Information provided:
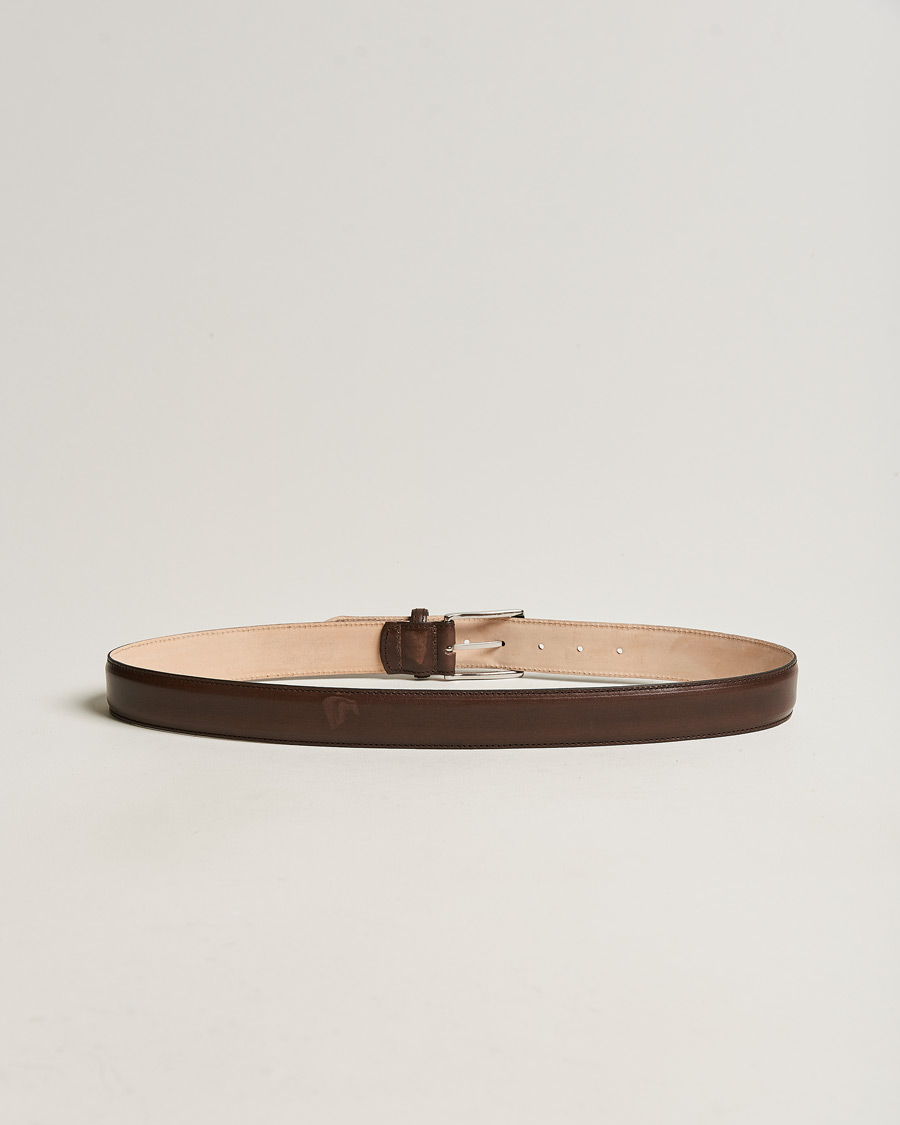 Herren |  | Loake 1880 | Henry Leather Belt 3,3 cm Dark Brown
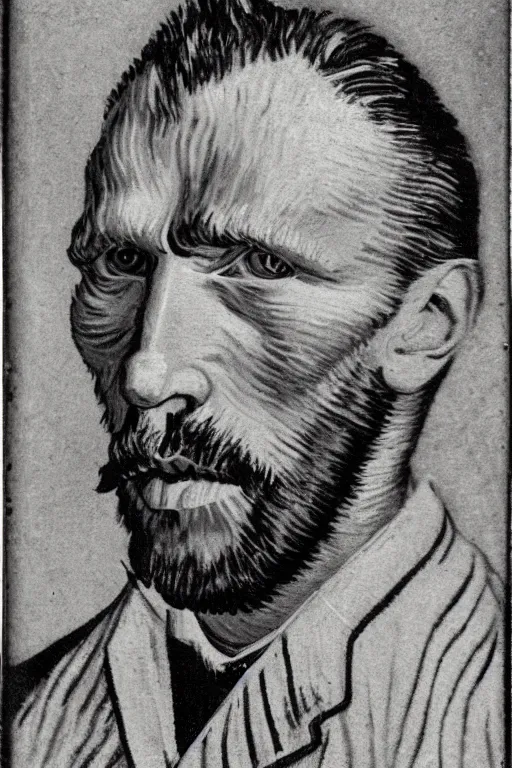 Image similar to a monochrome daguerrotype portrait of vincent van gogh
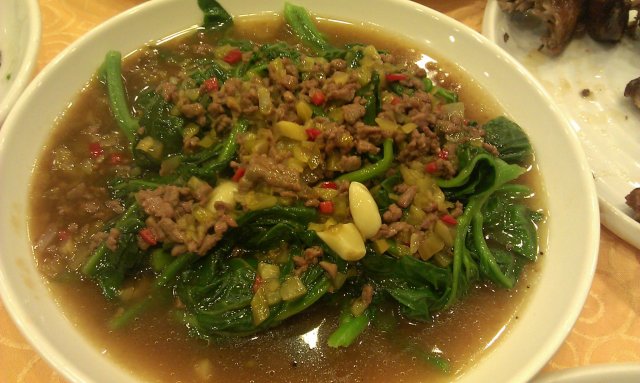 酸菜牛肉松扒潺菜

Work required:
The line containing "Image similar to" and each line after it through the end of the listing above are to be written out exactly, without the pictures.

Answer to the exercise:
 Image similar to a monochrome daguerrotype portrait of vincent van gogh
 酸菜牛肉松扒潺菜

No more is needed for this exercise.